Sara, born on June 30, 1936, grew up in Chemnad village of Kasaragod. Her father P Ahamed was an advocate. The women of the neighbourhood used to come to her house and share their lives with Sara's mother Zainabi. "Sara used to listen to these stories as a schoolgirl. Nadira's is one such story," says Narayanan.
Nadira's manipulative and lazy father Mahammed Khan engineers a rift between her and her progressive husband Rashid, when the son-in-law refuses to financially help him. Later, he gets Rashid to proclaim talaq thrice to separate him from Nadira.
But when Rashid wants to get back with Nadira, the radical clergy and society invoke the nikah halala system.
Her village has a billy goat named Sheik Ali who is always available for nikah halala in the area. "Together, her father, her husband, and the maulvi had punished her severely though she was not at fault," the novel's narrator says.
Nadira ends her life on the night of nikah halala.
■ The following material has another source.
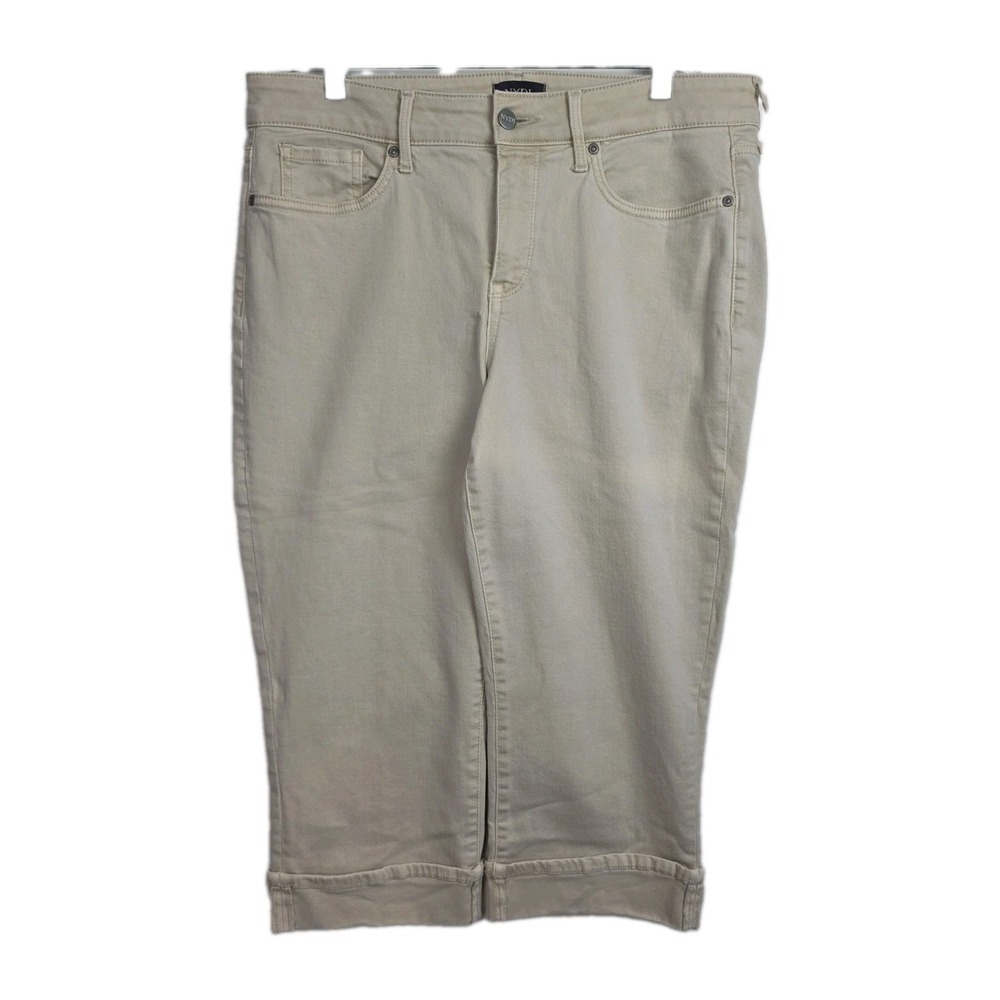 NYDJ Marilyn Straight‎ Cropped Jeans Women's 12P Tan Lift Tuck Technology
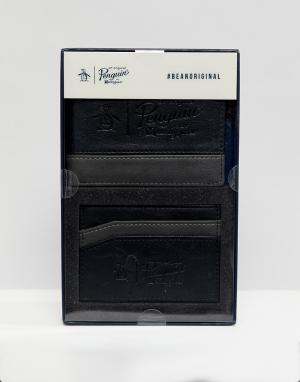 Подарочный набор из бумажника и визитницы черного/серого цвета Original Penguin. Цвет: черный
In a foreword written for Sara's translated novel 'Chuzhi' in 1997, C Raghavan wrote: "Why did she choose the pond at the mosque? Of course to keep the radical people on the edge of a precipice".
If Nadira was a martyr of instant triple talaq, 'Naseema' in Sara's next novel Sahaha (1985) boldly took on the plague of polygamy, Raghavan wrote.
Naseema's husband abandoned her and married another woman when she contracted TB. But her mother nurtured her back to health.
When the husband returns to her, Nassema whips him with a searing question: "You married another woman when my health failed me. How would you feel if I went with another man when you were to fall sick?"
The question did not have an answer but it did disrupt the sleep of the righteous, Raghavan wrote about the novel.
Sara Aboobacker not only wrote about issues of Muslim women but she was also an activist, helping Muslim girls get an education, said Raghavan's son Giridhar.
Raghavan had won the Kendra Sahitya Award, the Karnataka Tulu Sahitya Academy award, and the award of Kuvempu Bhasha Bharthi Pradikara earlier known as the Translation Academy.
Narayanan Periya says Raghavan's Malayalam translation of Chandragiri Teeradalli done for 'Ee Aazhcha' magazine was never published as a novel. "We will be working to publish the novel. Soon," he says.